Go to the profile of Maureen Younger

Maureen Younger

Comedian/MC/Actor/Writer, -

I work as a stand up comedian and MC all around the UK and abroad including gigging in German in Germany! I also run award-winning comedy nights featuring all-female line ups in London and Birmingham. In addition, I've organized a series of benefit nights for the Helen Bamber Foundation in association with the actor, Emma Thompson. The nights have raised almost £20,000 and have featured comics such as Jo Brand, Jenny Éclair, Hattie Hayridge, Lucy Porter and Shazia Mirza. You can also find the virtual me at www.maureenyounger.com, www.facebook.com/MYComedy or @maureenyounger.

2 Comments

Go to the profile of Jennifer Robinson
Jennifer Robinson about 4 years ago

Fabulous nights at the laughing cows in Kings Heath, I took a group of friends and one of them said " I had the best nights sleep ever afterwards, the night was so funny and so relaxing, it is definitely true laughter is definitely the best medicine." Keep up the great work.

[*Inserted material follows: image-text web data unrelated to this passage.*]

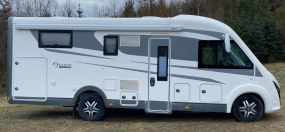                         Mobilvetta K 85Yacht - zdjęcie 12
                        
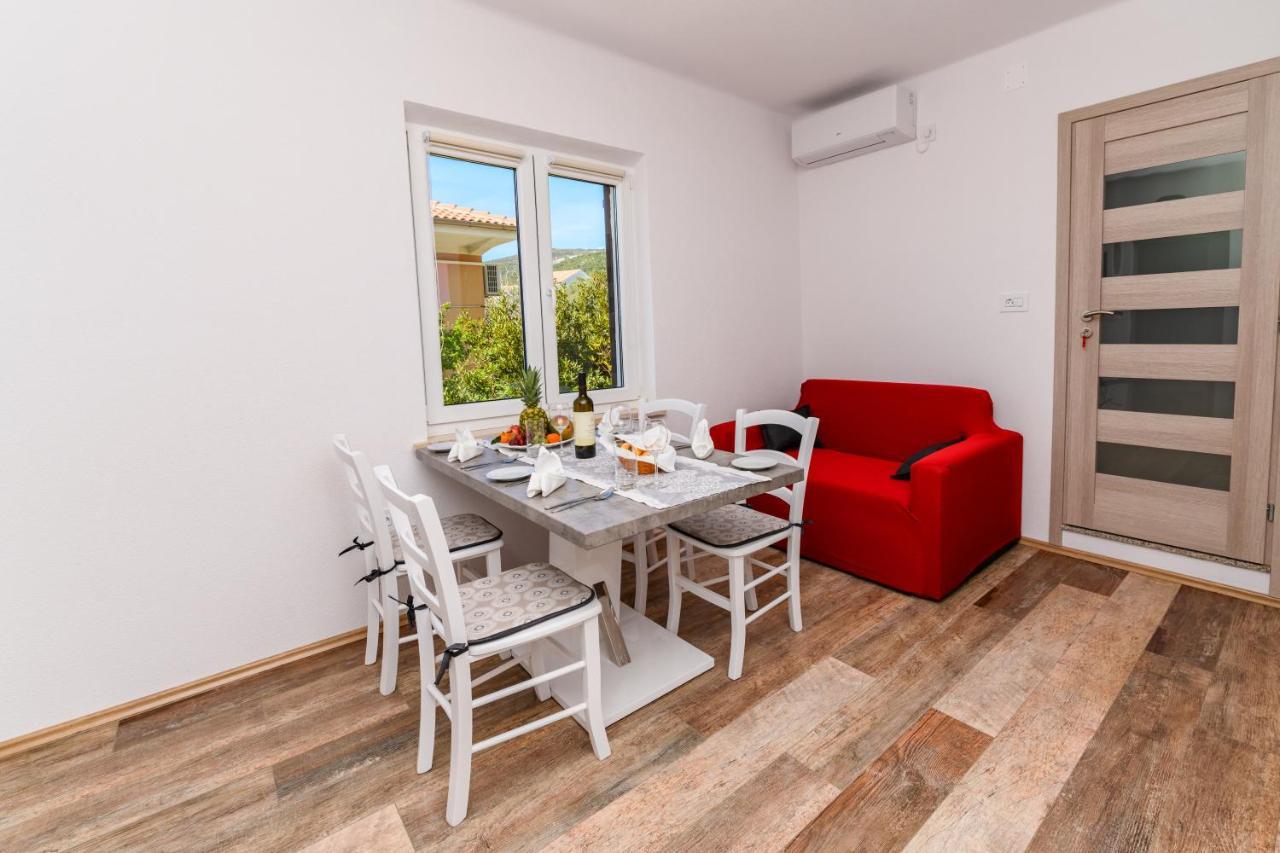 Apartman Paradiso Martinšćica Dış mekan fotoğraf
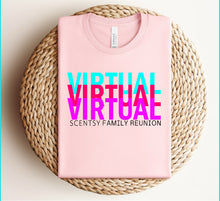 Load image into Gallery viewer, VIRTUAL SFR 2025 bright- FULL front chest
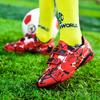 Childrens Soccer Cleats Original Society Grass Training Football Field Boots Professional Indoor Non Slip Kids Football Shoes
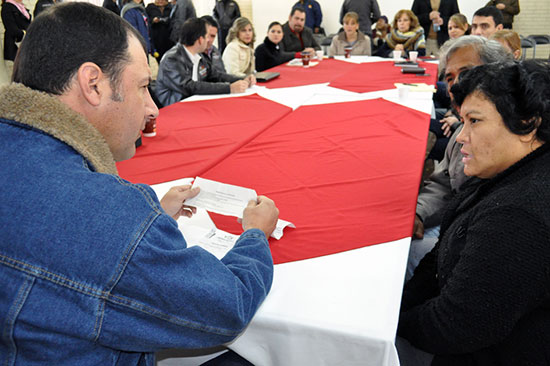 Atiende alcalde Óscar López a 83 ciudadanos en las audiencias “Nos Vemos el Martes”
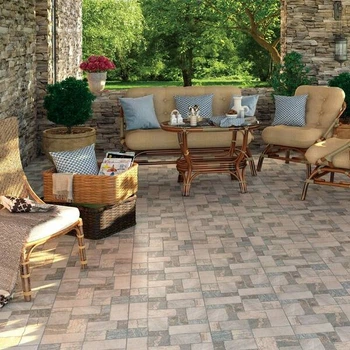 Керамограніт Cersanit Midway Grey 42x42 см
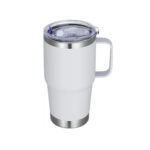 VASO DE ACERO INOXIDABLE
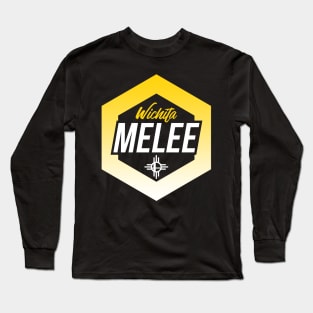 Wichita Melee Classic Logo Long Sleeve T-Shirt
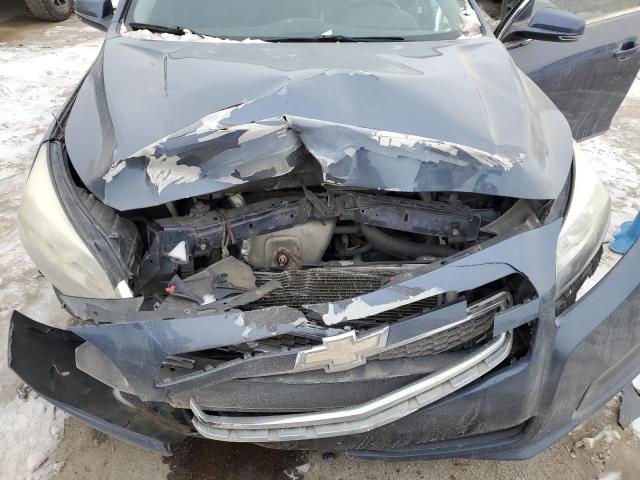 1G11C5SA1DF330319 - 2013 CHEVROLET MALIBU 1LT Қара фото 11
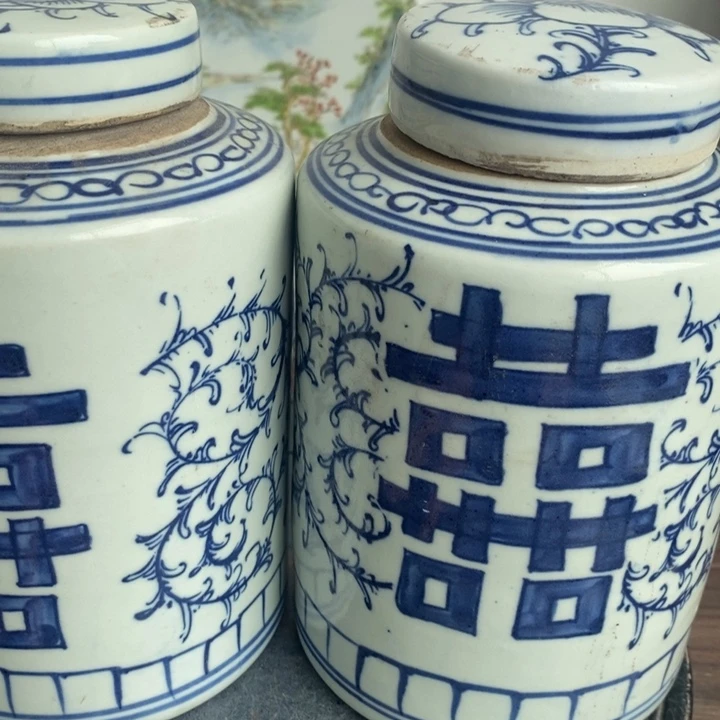 摆件景德镇陶瓷艺术品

Go to the profile of Liz Garnett
Liz Garnett about 4 years ago

I think the other thing about all-female nights is that - in a similar way to all-female shortlists - it actually takes gender off the table. Only one woman stands out as 'the female one', whereas if all the comics are female, you can see much more clearly how varied and interesting each individual comedian is - they become 'the whacky one', 'the dirty one', 'the clever one' etc.